First of all, let's make some vectors based on your given points:
b=B-A
c=C-A
d=D-A
, In other words, we simply let A be the original point.Vectors b, c, and d are connecting from A to B, to C, and to D, respectively.We are going to answer your questions based on these vectors.
To check if A, B, and C are not in a straight line, we simply need to check if vector b and c are independent.We use the rank of matrix with verctor b and c to determine:
r = rank([b c])
Here we assume b and c are column vectors.(If b and c are row vectors, r = rank([b;c]) in Matlab)Now, If r=2, vector b and c are independent, in other words, A, B and C are not in one straight line, they can determine a plane.
We assume b and c are independent now.We use the following steps to obtain a basis:
(1) take b as the first vector: v1 = b
(2) get the normal vector of the plane determined by b and c:
v3 = cross(b,c)
(3) get the third vector which is orthogonal to both v1 and v3:
v2 = cross(v3, v1)
*Note: v2 must be on the plane defined by b and c, or equavilently by A, B and C
(4) normalize v1, v2 and v3, we get:
e1 = v1 / norm(v1)
e2 = v2 / norm(v2)
e3 = v3 / norm(v3)
Then, e1, e2 and e3 form a basis of whole 3D spance.

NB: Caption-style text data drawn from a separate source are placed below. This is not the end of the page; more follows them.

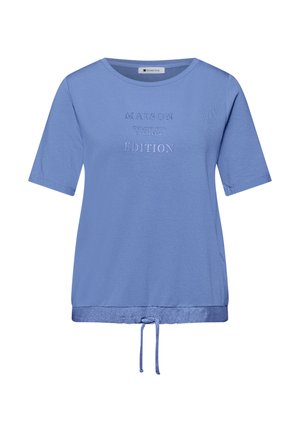 Street One - T-shirt z nadrukiem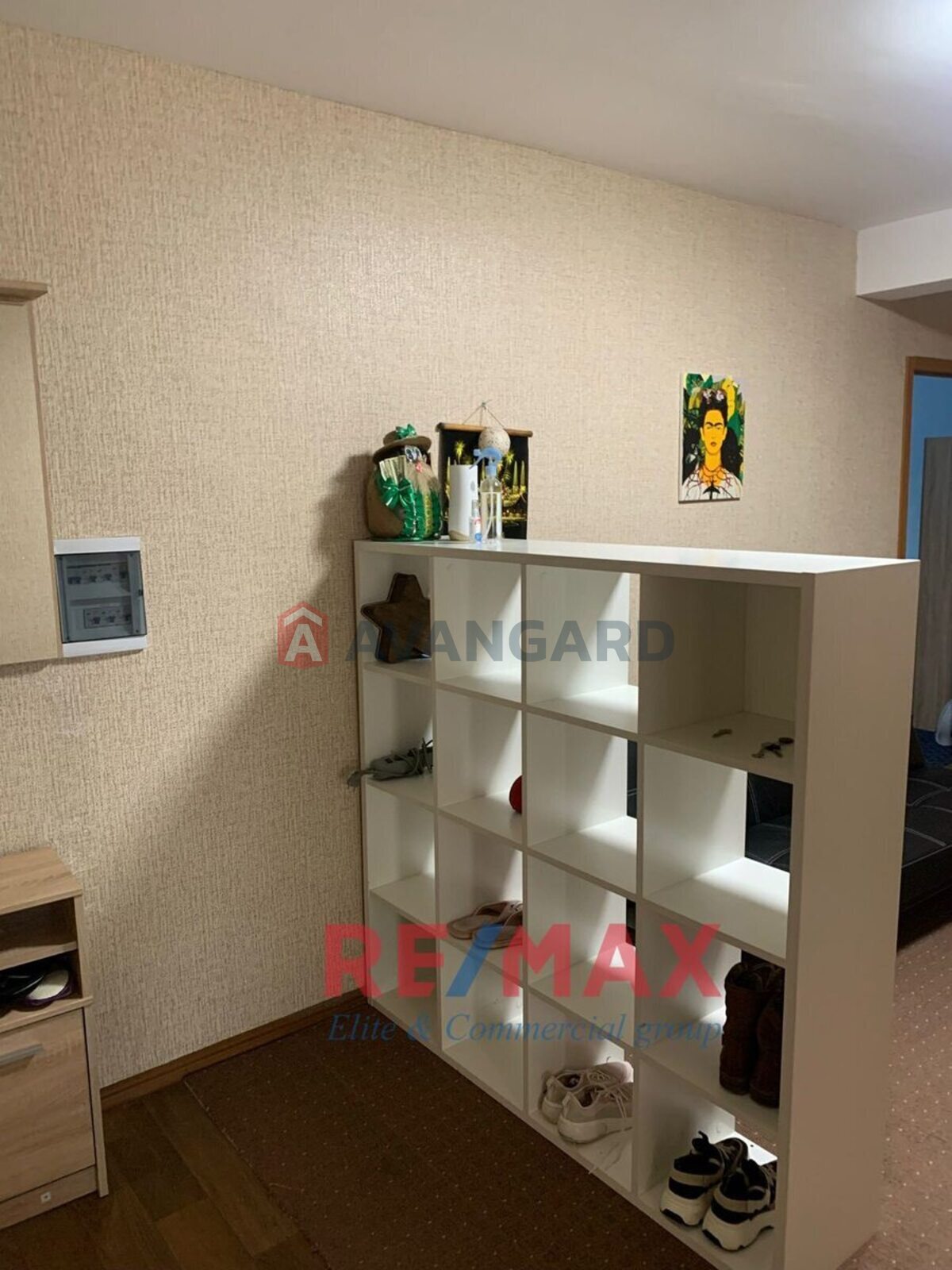 3 комн. квартира, 87/46/13 кв. м., 4/16 этаж фото 4 3 комн. квартира, 87/46/13 кв. м., 4/16 этаж фото 4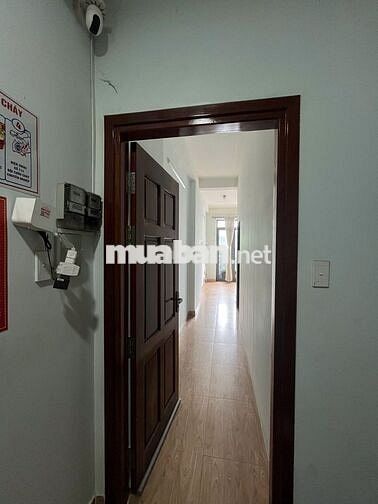 Phòng trọ Q8 mặt tiền Tạ Quang Bửu, ưu tiên nữ, tự do 24/7, có AC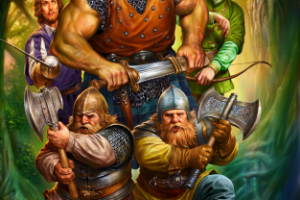 Обложка к книге Белянина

To get the projection of D onto plane ABC, you can get the inner product of d and each vector of the basis :
p1 = dot(d,e1)
p2 = dot(d,e2)
p3 = dot(d,e3)
Then:
projectionOfDOntoABC = p1*e1+p2*e2+p3*e3
Finally, e1 and e2 form a basis of the plane ABC. You can use (p1,p2) as the coordinates with respect to the basis e1,e2 to refer a point on the plane.